La réhabilitation du bâtiment a démarré début 2025. Les travaux d’aménagement s’achèveront à l’automne pour une ouverture prévue en décembre. Les premières entreprises sont attendues dès janvier 2026. Et elles sont nombreuses à se montrer intéressées. Selon Tristan Colombet, près de la moitié des postes de travail a déjà été préréservée et plus d’un millier de visiteurs ont déjà découvert les espaces témoins.
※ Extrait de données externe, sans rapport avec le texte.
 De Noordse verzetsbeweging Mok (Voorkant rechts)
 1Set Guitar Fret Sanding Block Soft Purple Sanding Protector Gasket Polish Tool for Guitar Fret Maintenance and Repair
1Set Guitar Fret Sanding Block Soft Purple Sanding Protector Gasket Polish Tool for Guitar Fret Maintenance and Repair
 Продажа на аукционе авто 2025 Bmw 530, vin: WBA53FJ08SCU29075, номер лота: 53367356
Un élan clermontois assumé
On n’attendait pas forcément un tel projet à Clermont-Ferrand. Mais la ville assume son ambition. « Cela peut paraître fou, mais nous avons sur notre territoire des champions du monde », rappelle Vincent Supiot, président de la foncière PIC. Michelin, bien sûr, mais aussi Limagrain, Thea… Et aujourd’hui, un espace de coworking d’envergure nationale, voire internationale. L’ambition est clairement affichée : attirer les talents du monde entier et faire du PIC un modèle d’innovation collaborative à l’échelle européenne.
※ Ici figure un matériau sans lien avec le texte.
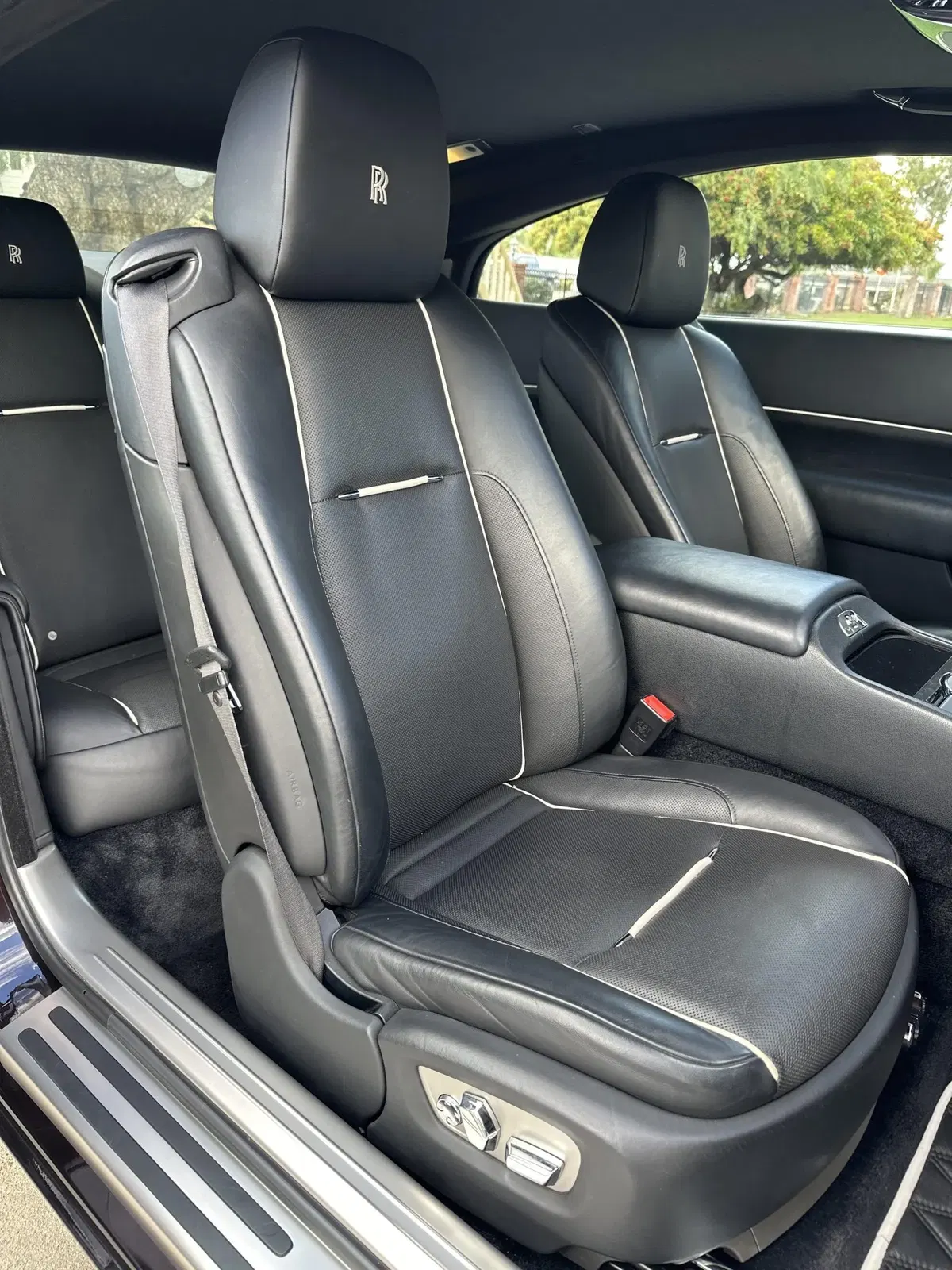 2015 Rolls-Royce Wraith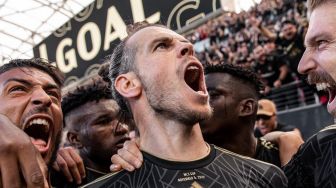 Gareth Bale dan Sentuhan Magis di Partai Final, Terbaru Cetak Gol Krusial Bawa LAFC Juara Piala MLS 2022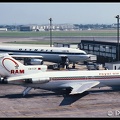 19801219 RoyalAirMaroc B727-2B6 CN-CCF  LHR 25071980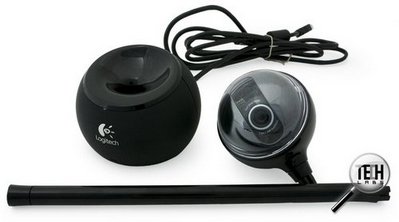 Обзор веб-камеры Logitech QuickCam Sphere AF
Pour cela, le site s’ouvre dès le départ à l’international avec une signature en anglais : The workplace of the future. Des navettes depuis l’aéroport de Lyon sont envisagées et les dirigeants espèrent que cette dynamique participera à renforcer la desserte aérienne de Clermont-Ferrand.

Avec son offre all inclusive, son implantation au cœur d’un territoire en pleine mutation et le soutien massif d’acteurs publics et privés — Michelin, Banque des Territoires, Crédit Agricole, Caisse d’Épargne, CCI, Région et État — le PIC propose un nouveau modèle. Celui d’un lieu où l’on vient travailler, se former, se détendre et tisser des liens. Le tout dans un cadre ultra-servicé, souple et stimulant. Un pari ambitieux pour Clermont-Ferrand, mais porté par une conviction forte : que l’innovation passe par l’humain, le collectif et l’audace.